Endurance findings were more mixed, with a pooled 6MWT standardized mean difference of 0.38 (95% CI -0.13 to 0.88) and I2 = 42%. In studies of respiratory muscle training, one trial found inspiratory muscle strength increased from 56 ± 22 to 71 ± 27 cmH2O. Pooled respiratory analyses showed a standardized mean difference of 0.61 for FVC (95% CI -0.33 to 1.55; I2 = 86%). FEV1 showed a standardized mean difference of 3.04 (95% CI 0.05 to 6.02), while PImax showed a standardized mean difference of 2.94 (95% CI 0.22 to 5.66), with I2 values of 94% and 91%, respectively. Overall, respiratory results were positive in direction but uneven across pooled analyses.

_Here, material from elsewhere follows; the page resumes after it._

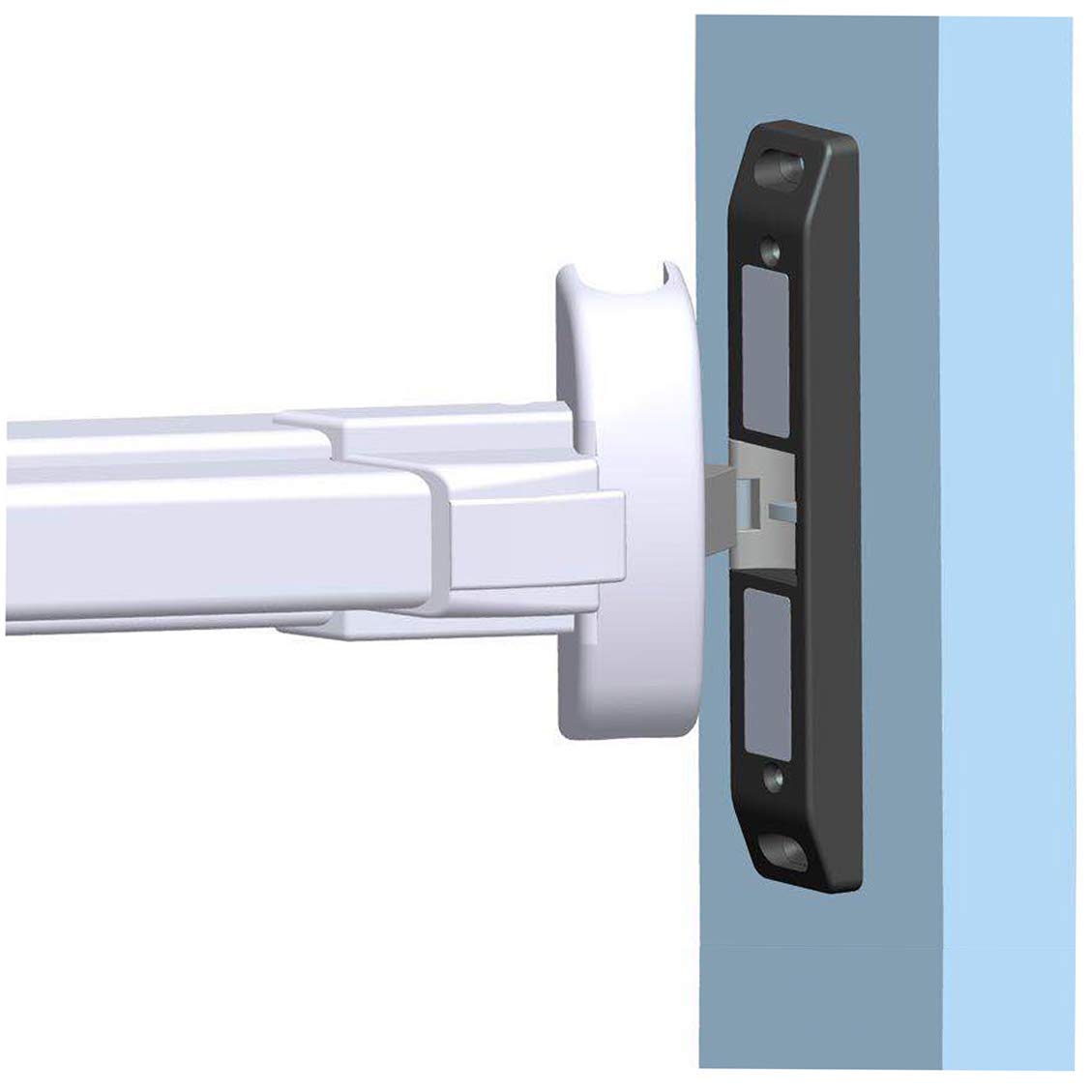 UHPPOTE Electric Strike Lock 12VDC for Access Control Fire Exit Door Rim Exit Devices with Push Bar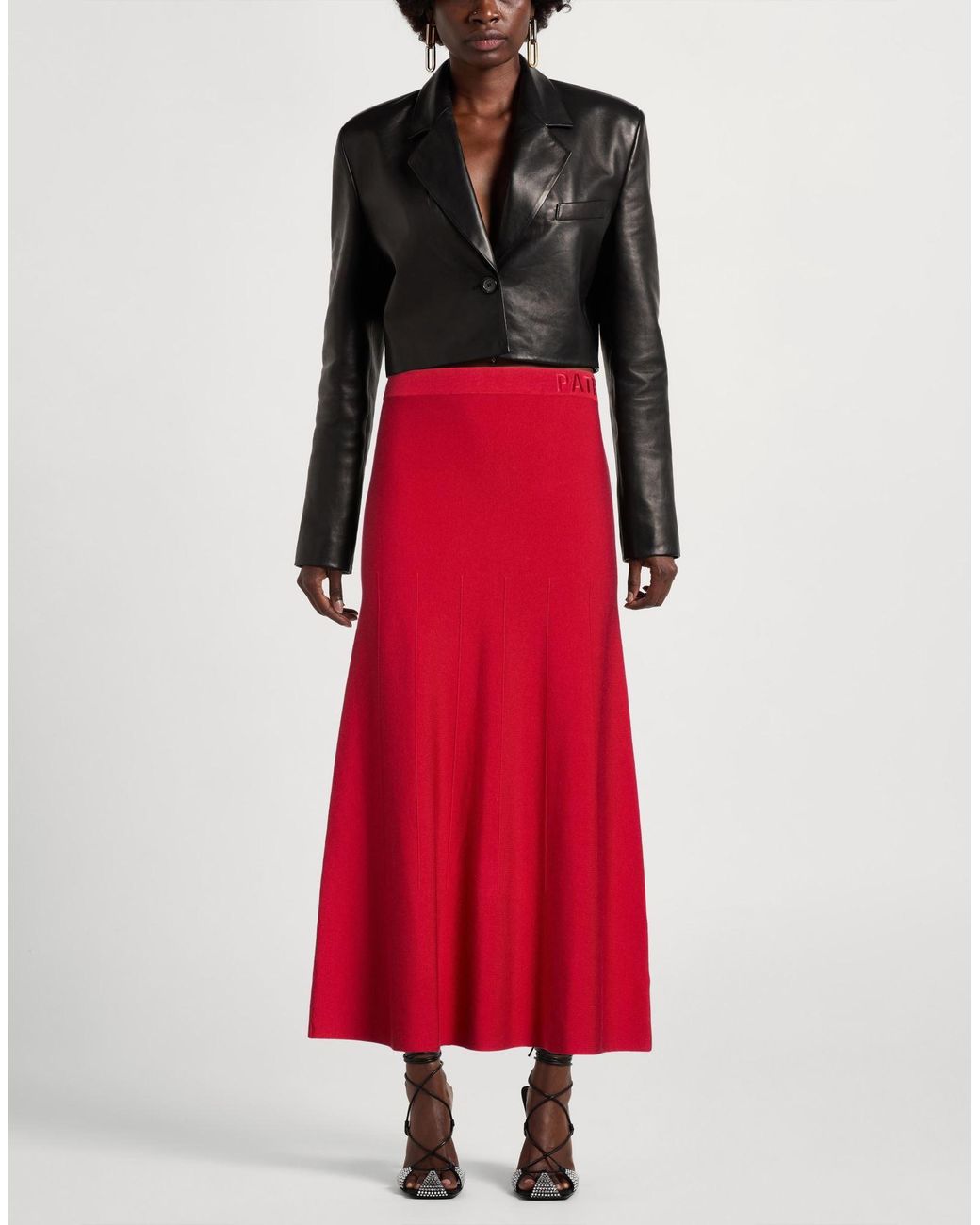 Patrizia Pepe Red Maxi Skirt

Seven studies reported dropouts linked to adherence difficulty, personal reasons, lack of time, myasthenic crises, and comorbidities including kidney disease, cancer, pulmonary embolism, and surgical complications. One study noted control-group hospitalizations, while another described bulbar symptoms, increased fatigue, and a withdrawal potentially related to training.

Notably, interventions and designs were heterogeneous, small studies were common, blinding was often unclear, and funnel plots suggested the potential for publication bias.